À quand la nouvelle grève ?

Suite à la grève, la CGT du site de Saint-Fons a appelé les travailleurs à une assemblée générale le 15 mai. 40 travailleurs étaient présents, sur les 150 grévistes, ce qui est positif. Se réunir, discuter des suites à donner à la grève, n’est pas une habitude sur cette usine. Il est cependant clair que les travailleurs sont fiers de s’être sentis investis dans ce mouvement. Ils ont pris la décision d’aller ensemble, une fois de plus, déposer leurs revendications à la direction : 150 euros de plus sur le salaire de base et l’embauche des intérimaires.

Pour le moment, la direction a concédé l’embauche de quelques intérimaires, et elle est revenue sur sa décision de baisser la prime de « dérangement ». Lorsqu’un travailleur est appelé pour occuper un poste non prévu dans son planning, il touchera à nouveau 75 euros de prime.

Au-delà de ça, les travailleurs, en faisant peur à la direction par la grève, ont gagné un changement d’attitude de la part des chefaillons qui se croyaient tout permis. Si la revendication principale sur le salaire n’a pas été satisfaite, la lutte n’est pas terminée.

28 mai 2014, Annick HAUSSMANN


Extraits du bulletin L’Étincelle de Solvay, du 5 mai 2014

Nous avons relevé la tête

[…] nous avons eu raison de ne pas nous asseoir sur 1 500 euros alors que les actionnaires sont arrosés à millions. Que la direction ne l’oublie pas : revendiquer sur les salaires reste d’actualité.

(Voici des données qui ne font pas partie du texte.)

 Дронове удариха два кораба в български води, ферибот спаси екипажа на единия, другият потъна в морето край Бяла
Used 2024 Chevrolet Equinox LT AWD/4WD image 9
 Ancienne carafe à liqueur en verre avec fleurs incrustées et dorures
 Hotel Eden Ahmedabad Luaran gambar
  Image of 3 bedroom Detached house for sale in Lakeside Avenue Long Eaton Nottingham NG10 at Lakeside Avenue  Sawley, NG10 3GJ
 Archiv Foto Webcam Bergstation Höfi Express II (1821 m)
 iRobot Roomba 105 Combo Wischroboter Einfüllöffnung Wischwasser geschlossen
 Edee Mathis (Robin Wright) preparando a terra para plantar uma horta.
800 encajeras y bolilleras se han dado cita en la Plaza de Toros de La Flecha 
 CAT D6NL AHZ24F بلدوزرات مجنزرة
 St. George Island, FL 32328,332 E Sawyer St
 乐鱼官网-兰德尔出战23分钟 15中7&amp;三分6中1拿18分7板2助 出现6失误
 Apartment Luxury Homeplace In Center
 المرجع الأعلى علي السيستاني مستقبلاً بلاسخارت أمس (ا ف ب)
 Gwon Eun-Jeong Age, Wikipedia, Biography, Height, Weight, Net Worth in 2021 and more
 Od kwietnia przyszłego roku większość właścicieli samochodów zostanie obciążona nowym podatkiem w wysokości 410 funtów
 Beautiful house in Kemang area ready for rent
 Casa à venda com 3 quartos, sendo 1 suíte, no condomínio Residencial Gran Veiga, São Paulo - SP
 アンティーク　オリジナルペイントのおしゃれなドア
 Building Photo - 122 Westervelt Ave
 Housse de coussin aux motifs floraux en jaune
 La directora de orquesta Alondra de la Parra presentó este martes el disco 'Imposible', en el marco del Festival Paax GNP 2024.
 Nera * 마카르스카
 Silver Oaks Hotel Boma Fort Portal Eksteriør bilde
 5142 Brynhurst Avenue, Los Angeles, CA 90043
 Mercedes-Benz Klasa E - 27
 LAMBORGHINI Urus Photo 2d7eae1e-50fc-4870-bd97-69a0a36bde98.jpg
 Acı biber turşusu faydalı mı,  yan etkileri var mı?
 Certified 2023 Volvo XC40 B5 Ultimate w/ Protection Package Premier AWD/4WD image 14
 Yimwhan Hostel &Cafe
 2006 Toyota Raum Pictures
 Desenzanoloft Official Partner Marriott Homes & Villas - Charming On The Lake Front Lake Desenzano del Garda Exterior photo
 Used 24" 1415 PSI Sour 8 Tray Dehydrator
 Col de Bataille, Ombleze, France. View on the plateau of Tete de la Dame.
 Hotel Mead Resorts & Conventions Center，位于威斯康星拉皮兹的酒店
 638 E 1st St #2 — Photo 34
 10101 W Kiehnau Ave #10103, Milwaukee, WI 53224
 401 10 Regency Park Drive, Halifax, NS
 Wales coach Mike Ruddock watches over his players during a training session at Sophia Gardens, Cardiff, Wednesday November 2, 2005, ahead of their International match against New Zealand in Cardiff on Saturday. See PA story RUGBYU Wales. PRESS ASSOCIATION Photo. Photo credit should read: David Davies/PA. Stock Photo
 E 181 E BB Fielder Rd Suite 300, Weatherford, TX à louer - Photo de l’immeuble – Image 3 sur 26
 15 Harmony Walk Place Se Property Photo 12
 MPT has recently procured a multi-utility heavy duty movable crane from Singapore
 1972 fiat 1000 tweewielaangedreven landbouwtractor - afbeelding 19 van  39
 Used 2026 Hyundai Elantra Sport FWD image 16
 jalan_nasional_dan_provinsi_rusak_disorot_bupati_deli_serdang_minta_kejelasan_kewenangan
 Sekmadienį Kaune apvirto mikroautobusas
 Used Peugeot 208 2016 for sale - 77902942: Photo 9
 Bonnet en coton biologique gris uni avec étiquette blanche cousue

30 grévistes... selon la police ?

C’est le petit refrain chanté par la direction : nous n’étions que 30 grévistes. Mais bien sûr… Pour compter leurs sous, ils savent être plus exacts.

On s’est fait respecter

Les grévistes de l’atelier HEVA ont fait forte impression en envahissant le CE pour déposer un cahier de revendications. À cette occasion, tout le monde a pu constater qu’en face d’une vingtaine de grévistes déterminés, la direction se montrait tout à coup beaucoup moins arrogante. Une attitude qui tranche avec les menaces proférées au même endroit lors de la grand-messe anti-grève quelques heures plus tôt ! Reste que les revendications de ce cahier, à savoir 150 € pour tous et l’embauche des intérimaires, sont toujours sur la table.


[1Filiale du groupe Solvay depuis septembre 2011, Rhodia est un groupe de l’industrie chimique, qui emploie à Saint-Fons environ 300 personnes, plus une centaine de sous-traitants. Avec le rachat de Rhodia, Solvay est devenu le plus grand groupe chimiste de France, où il emploie plus de 7 000 personnes réparties sur une vingtaine de sites. L’usine de Saint-Fons fabrique des produits et intermédiaires organiques à usages pharmaceutique (Aspirine, Glycéril…), photographique (hydroquinone) ou de production d’arômes (vanilline).

[2La prime d’intéressement est fixée par la direction en fonction d’objectifs de production. À Solvay, elle est divisée en deux parties : la part site et la part groupe. Les ouvriers de Saint-Fons ont touché à peu près 1 200 euros de part site, en fonction des objectifs de production fixés pour celui de Saint-Fons.